- Data for the task:
[Start of section]

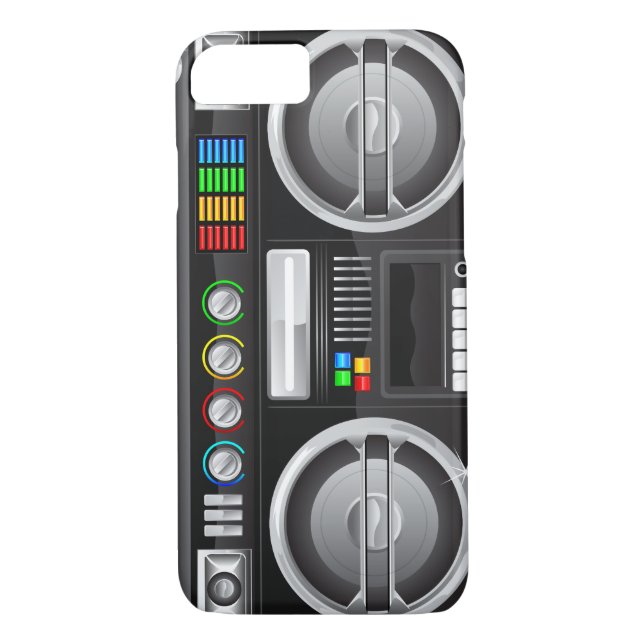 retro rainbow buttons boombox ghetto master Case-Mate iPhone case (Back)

[End of section]
[Start of section]

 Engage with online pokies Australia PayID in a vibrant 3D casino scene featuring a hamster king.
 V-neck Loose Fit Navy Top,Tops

[End of section]
[Start of section]

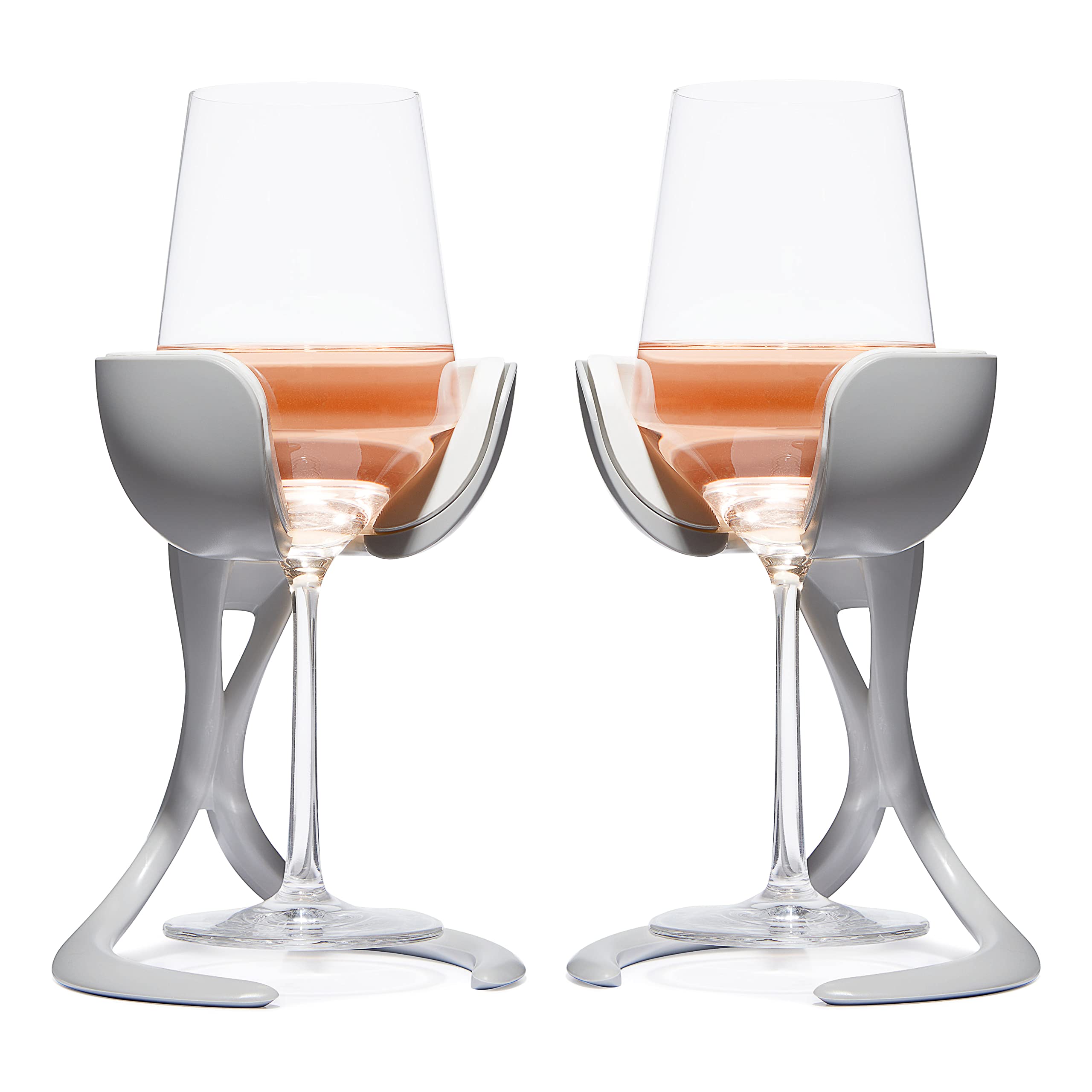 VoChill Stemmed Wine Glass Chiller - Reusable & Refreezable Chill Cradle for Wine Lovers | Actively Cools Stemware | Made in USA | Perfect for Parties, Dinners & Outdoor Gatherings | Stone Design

[End of section]

- Exercise instructions:
Begin at the line that has "Engage with online" in the entries above; stop after the line that has "V-neck Loose Fit Navy Top,Tops". Transcribe exactly those lines and no others.

- Task solution:
 Engage with online pokies Australia PayID in a vibrant 3D casino scene featuring a hamster king.
 V-neck Loose Fit Navy Top,Tops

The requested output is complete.